When you retype the data, keep every word exactly and include none of the pictures.

(GIVEN MATERIAL):

== Segment start ==

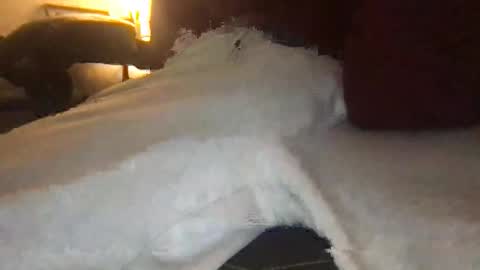 orvillewhitencocker online show from March 2026 11:20:01 PM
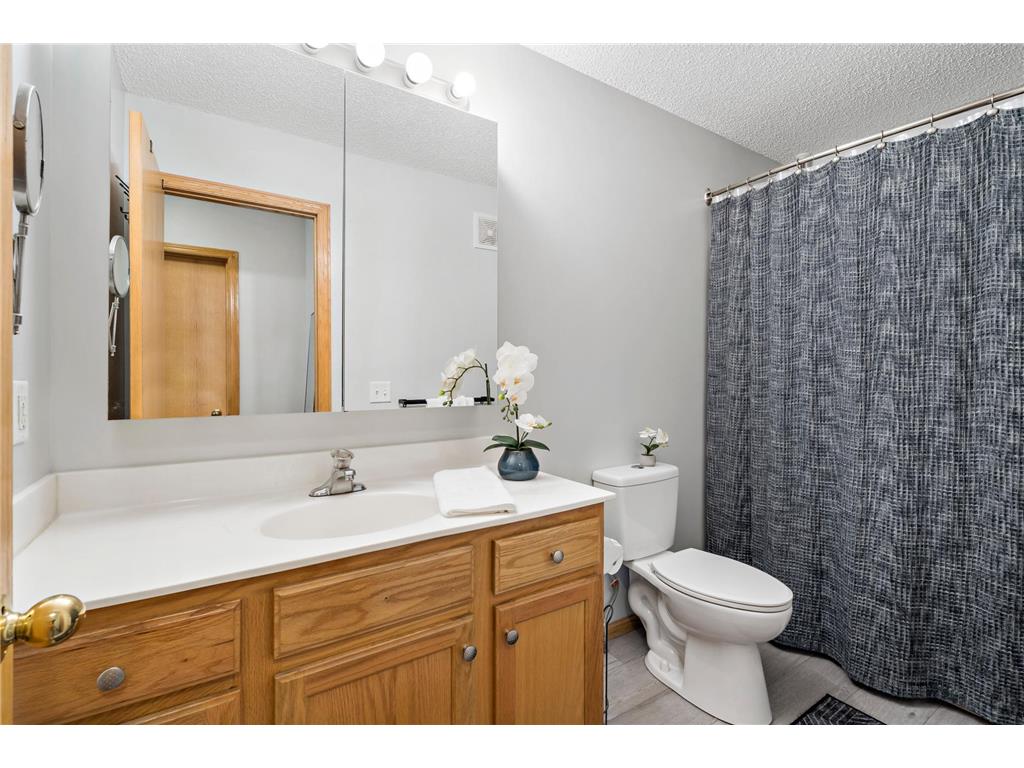 20048 Cabrilla Way Empire Twp MN 55024 7006917 image9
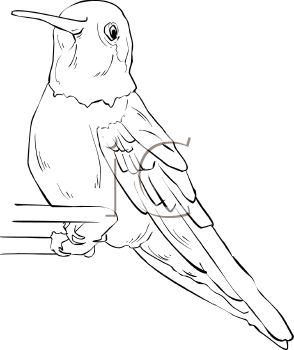 Hummingbird Clipart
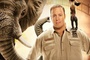 affiche-teaser-elephant-jpg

== Segment end ==

(ANSWER SPACE):
 orvillewhitencocker online show from March 2026 11:20:01 PM
 20048 Cabrilla Way Empire Twp MN 55024 7006917 image9
 Hummingbird Clipart
 affiche-teaser-elephant-jpg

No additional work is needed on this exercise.